The BAI also issues local transport permits.

If flying abroad, look up the regulations and restrictions of the country you’re planning to bring your pet into and comply with them. For example, if you want to take your pet to Japan, you need to notify the Animal Bureau Quarantine of Japan at least 40 days before your arrival.

Before booking your flight, call the airline. Communicating with them is essential. Ask if the specific plane used for the flight you have chosen can take live animals such as the one you plan to bring with you.

“It is important that you call the airline in advance to ask if they allow pets, and to find out which flights have ventilation in the cargo area before booking your ticket,” said Suarez.

But even this isn’t always foolproof, Suarez said. “It can be stressful. PAL can suddenly change aircraft to one without ventilation, so the pet will be left behind and they would need to fly on the next possible flight, which could be in the next day or two.”

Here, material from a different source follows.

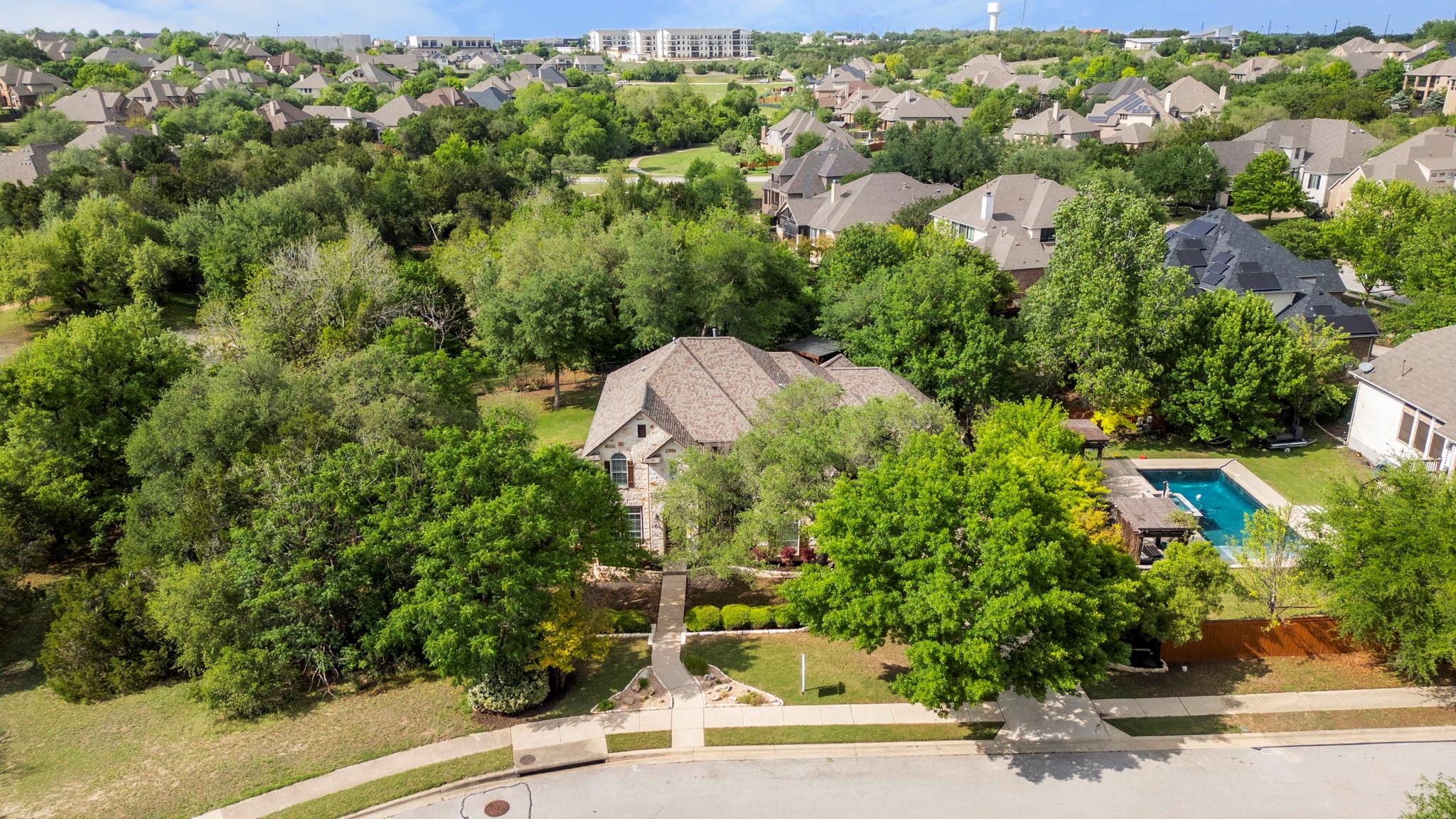 241 Granite Lane Austin TX 78737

Cebu Pacific asks passengers who intend to bring their pets to contact their cargo services team to make arrangements. Cebu Pacific transports dogs, cats, turtles and some marine animals.

Charges apply, of course. For PAL flights, pets are automatically considered extra baggage. You can be charged up to 300 percent of the applicable excess baggage rate, depending on the flight and the size and weight of your pet and the container.

For domestic flights, you will pay from P1,000 to P10,000 depending on the weight of your pet with the container.

Your pet will need to be in a crate for travel. If your dog is traveling with you in the cabin, the carrier must fit under the seat in front of you and your dog has to stay in it for the duration of the flight.


Pets traveling in cargo need to be in airline-approved sturdy hard shell or wire crates. Make sure the crate is big enough for your pet to sit in, stand up in and to turn around in. Make sure your pet is comfortable staying in his or her crate for long periods by crate training him or her before your trip.

Label the crate properly. Include your dog’s name, your name, your address, and your contact number. Don’t leave your pet’s leash in the crate as it might cause injury.

To avoid accidents in the crate, stop feeding your pet at least four hours before the flight and let your dog go potty right before he or she goes into the crate. Make sure your pet has access to clean water for the duration of the flight.

If your pet is flying as cargo, arrive at least three hours before your flight to make sure you have ample time to make all necessary arrangements. Stress the importance of your pet being transported on the same flight you are boarding.

Before saying goodbye to your pet, find out where you should claim him or her at your destination. It could be the baggage claim area at the airport but it might also be a cargo terminal. “It can take a long time before they are released,” said Suarez.

As an export officer, Catherine Albino has been responsible for the safe transport of thousands of birds on various airlines for the past 15 years. We asked her for pro secrets behind making sure animals thrive and survive while traveling in cargo.

“You must ensure that you have all permits and health documents required by your destination country,” Albino said.

“Make sure your pet is packed in an International Air Transport Association-approved transport container and that they have access to water and, in the case of birds, dry food. Also, make sure the plane’s cargo has ventilation. All these steps will ensure a safe and comfortable trip for the animals. You don’t want to stress them out.”

But if it were up to Suarez, her pets would always travel with her in the cabin. “There are too many risks in cargo,” she said.